Communiqué du 22 septembre 2006 du FNESR (Fédération Nationale des Elus Socialistes et Républicains)
Les élus socialistes et républicains affirment leur opposition au projet de loi sur la prévention de la délinquance proposé par Nicolas Sarkozy, rappelant l’intérêt porté d’abord à la protection de l’enfance.
En élargissant les pouvoirs du maire en matière de prévention et de sécurité, le Ministre de l’Intérieur fait un cadeau empoisonné aux élus locaux et commet une nouvelle dérive dans l’exercice de ses responsabilités :
Dérive eu égard à la fonction de maire et à son rapport au citoyen : fondée aujourd’hui sur la confiance et le dialogue, cette relation serait substantiellement modifiée par la loi Sarkozy. Compte tenu des injonctions qu’il incomberait au maire de porter, elle introduirait inévitablement de la suspicion à l’encontre de cet élu.
Dérive eu égard aux libertés publiques, par la multiplication des fichiers à données confidentielles et par leur gestion confiée aux élus territoriaux, dont ce n’est ni le rôle, ni la responsabilité .

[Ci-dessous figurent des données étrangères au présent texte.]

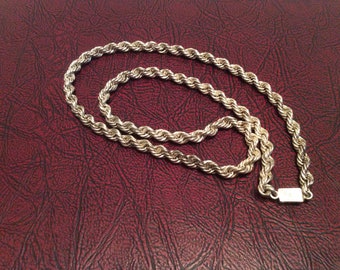 Vintage 925 Sterling Silver Rope Chain Necklace / 24 inches long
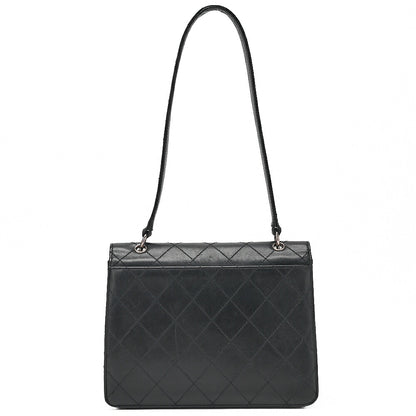 CHANEL Caviar Skin Matelasse Shoulder Bag Black Silver-Tone Hardware, Pre-Owned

Dérive enfin dans la répartition des compétences entre l’Etat et les collectivités locales : premier maillon de fait de la chaîne pénale, le maire se voit affublé de responsabilités qui ressortent à l’évidence de la police et de la justice, domaines régaliens par excellence de l’Etat. Les élus socialistes et républicains n’accepteront pas de devenir des « shérifs ».
Atteinte aux libertés publiques, à la fonction de l’élu, aux responsabilités de l’Etat : cette loi, si elle était adoptée, serait un mauvais coup porté à la démocratie. Elle vise à stigmatiser une jeunesse qui ne demande que confiance et compréhension.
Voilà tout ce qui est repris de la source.